Quote word for word from the line holding "グッドフェード! 90s Social" to the last line below, including both, and omit any pictures.

[DATA TO USE — start]

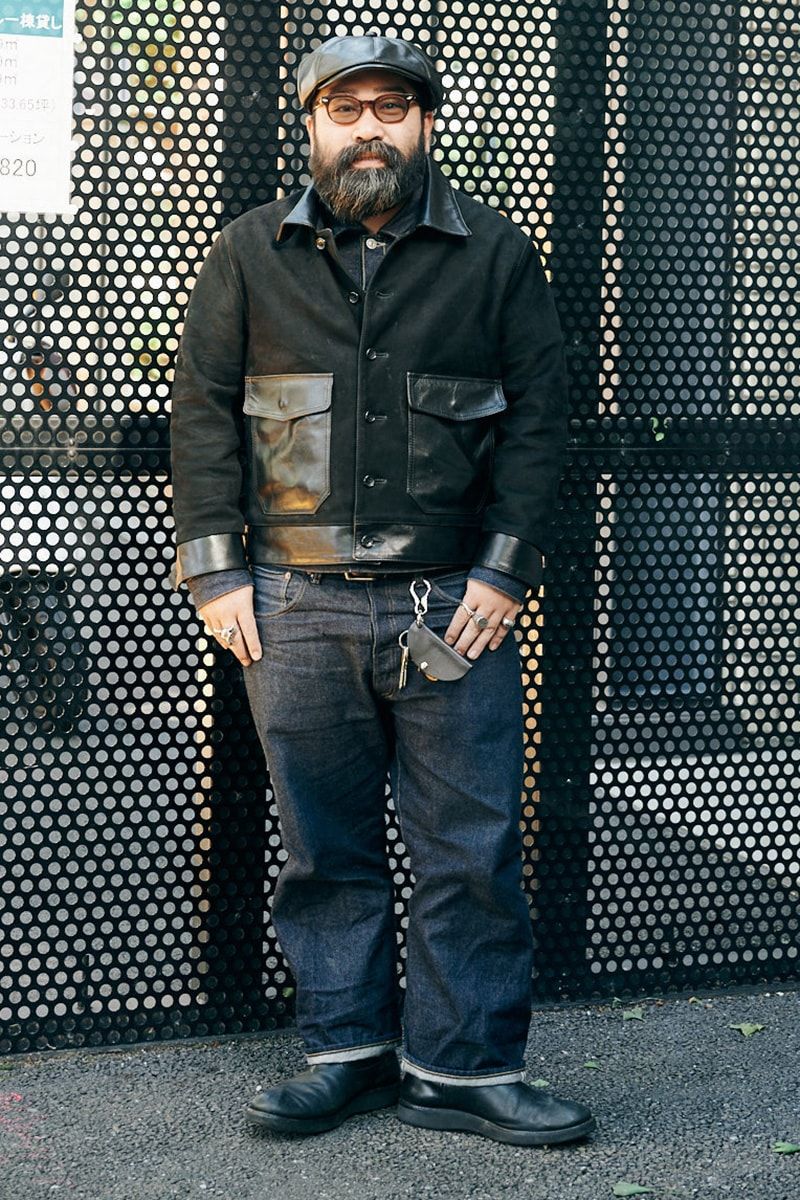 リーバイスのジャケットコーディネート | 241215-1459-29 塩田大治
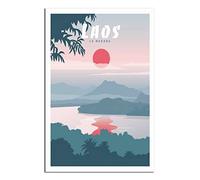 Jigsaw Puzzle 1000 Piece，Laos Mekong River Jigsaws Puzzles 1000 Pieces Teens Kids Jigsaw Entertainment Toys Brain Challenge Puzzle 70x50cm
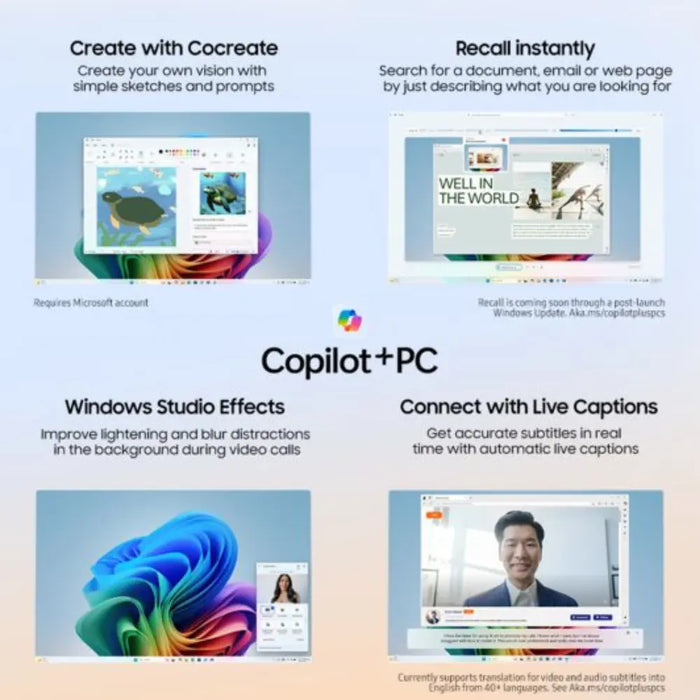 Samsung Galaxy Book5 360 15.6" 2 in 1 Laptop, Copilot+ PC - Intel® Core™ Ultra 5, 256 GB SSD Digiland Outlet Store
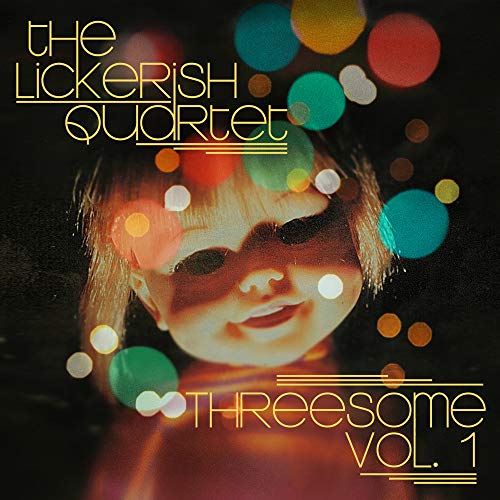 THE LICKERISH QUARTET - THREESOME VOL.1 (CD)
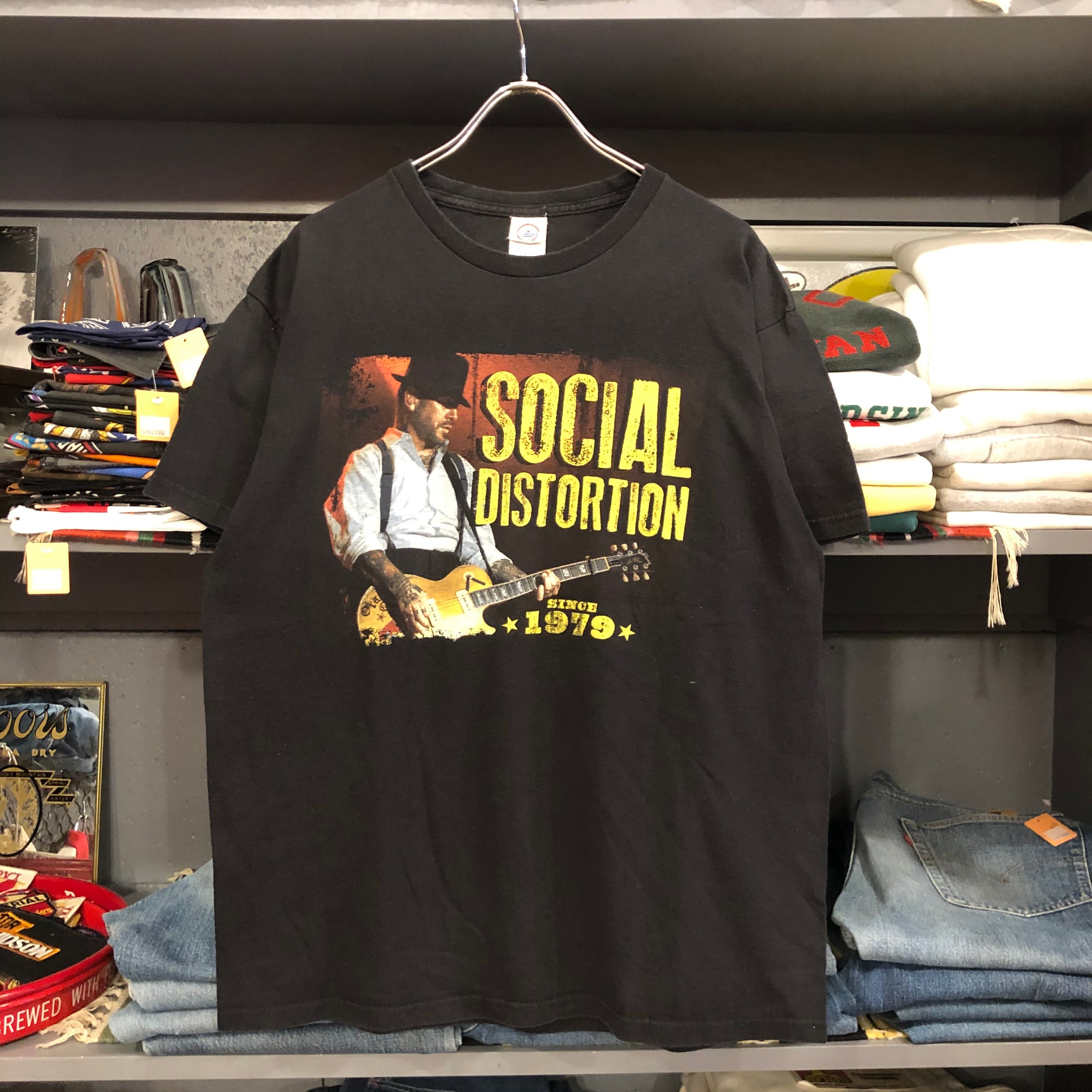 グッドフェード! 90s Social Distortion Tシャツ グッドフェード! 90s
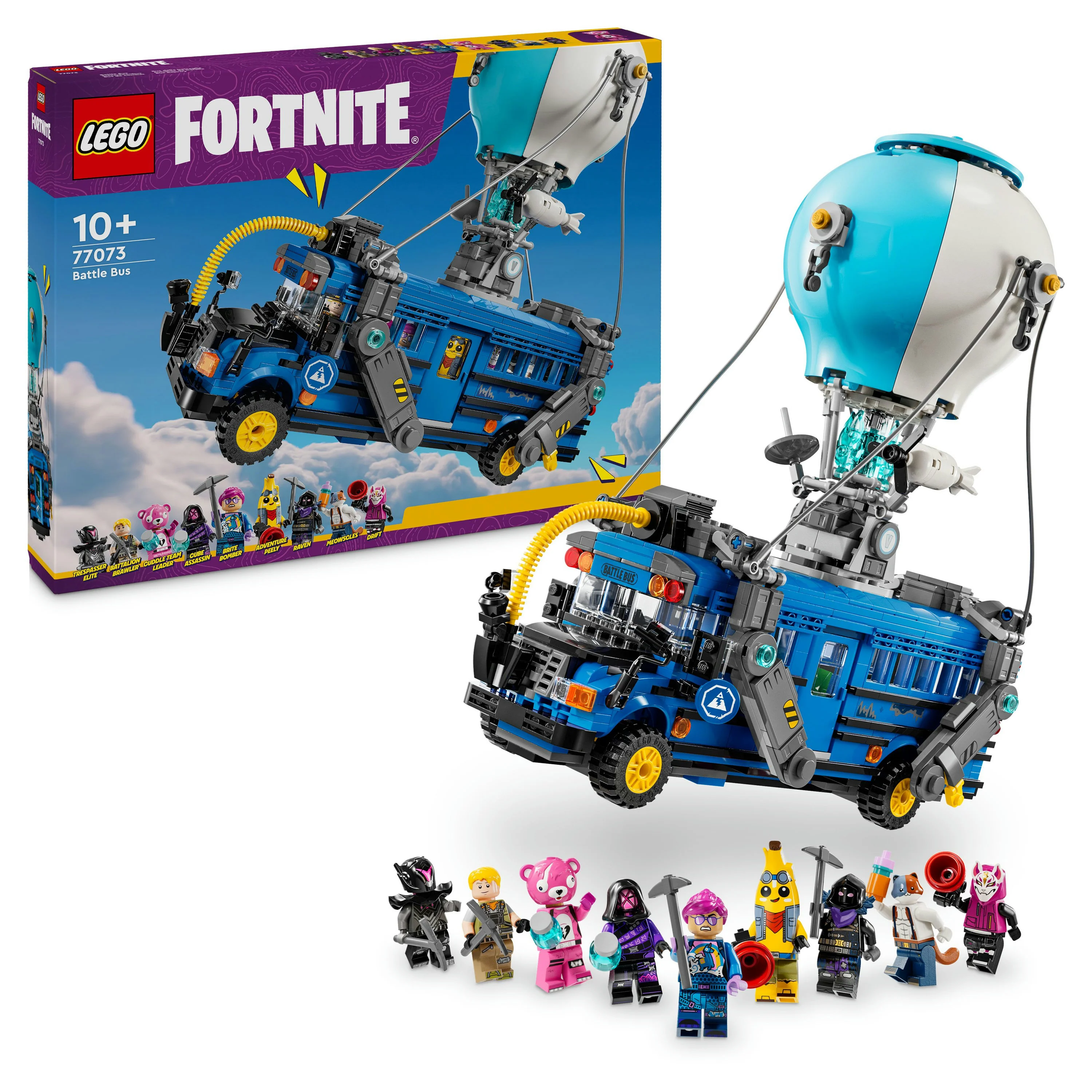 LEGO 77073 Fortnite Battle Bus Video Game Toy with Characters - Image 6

[DATA TO USE — finish]

§ **TASK OUTPUT**:
 グッドフェード! 90s Social Distortion Tシャツ グッドフェード! 90s
 LEGO 77073 Fortnite Battle Bus Video Game Toy with Characters - Image 6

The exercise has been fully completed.